|Postcard from sugar|
When I was growing up drinks like Coca-cola were common amongst my peers, but so was lemonade. There was also a bright orange drink called Tango which we favoured, but didn't get very often. I don't recall may other options, although this was the 1960s, and the huge variety we see on shelves today just didn't exist.
Now, sugar laden drinks are even more popular, but the health implcations are coming under scrutiny. The concern relates to the amount of sugar that is represented by, for example, a 1.25 litre bottle of coke - 37 teaspoonfuls. Set against that, the American Heart Association recommends 6 per day for women and 9 for men.

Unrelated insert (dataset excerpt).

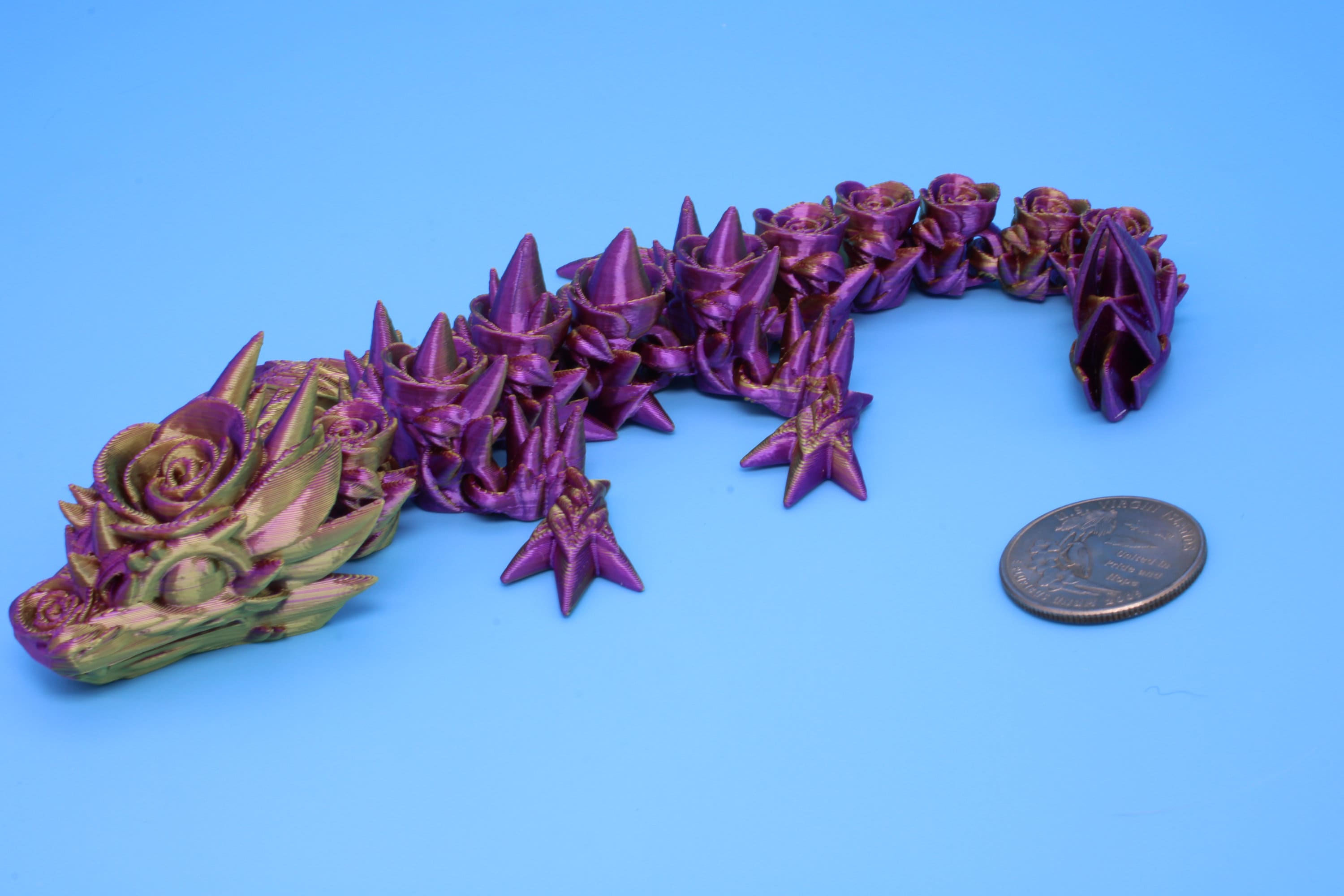 Baby Rose Dragon | Miniature | 3D Printed | Fidget | Flexi Toy 8.5 in. | Stress Relief Gift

So, that bottle ought to last a woman 6 days, and 4 days for a man. That's not going to happen, it tastes beyond terrible in far less time than even 4 days.
Coca-cola disagrees that their drink impacts health and quotes research defending their opinion. The trouble is, some of the research is funded by the company, and that raises questions. After all, it's highly unlikely that coca-cola would support or quote research that demonstrated their primary product was hazardous to health.
It has similarities with the tobacco industry funding research to show that smoking had little or no relationship with cancer. Not that anyone is claiming the same level of effect for coke, just that obesity is related to the amount of sugar consumed, and in turn it causes multiple, bad health outcomes.
In the end, can you trust an industry to police itself, particularly where health is balanced against profit?